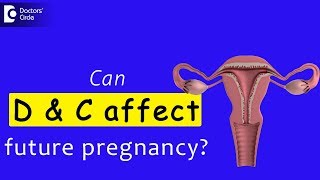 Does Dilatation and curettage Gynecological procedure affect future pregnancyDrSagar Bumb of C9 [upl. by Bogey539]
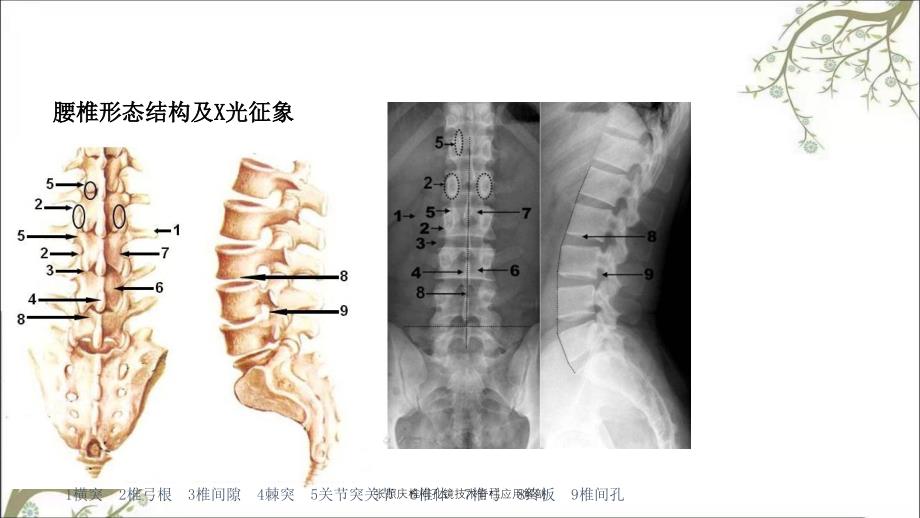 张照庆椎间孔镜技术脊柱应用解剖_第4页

━━━━

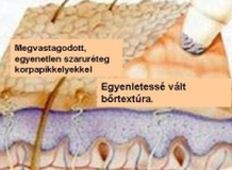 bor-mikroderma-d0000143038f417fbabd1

━━━━

Prompt. Above are some records. Output exactly the lines from the one that contains "Does Dilatation and" to the one that contains "张照庆椎间孔镜技术脊柱应用解剖_第4页", keeping both, and omit the pictures.

Written answer.
 Does Dilatation and curettage Gynecological procedure affect future pregnancyDrSagar Bumb of C9 [upl. by Bogey539]
 张照庆椎间孔镜技术脊柱应用解剖_第4页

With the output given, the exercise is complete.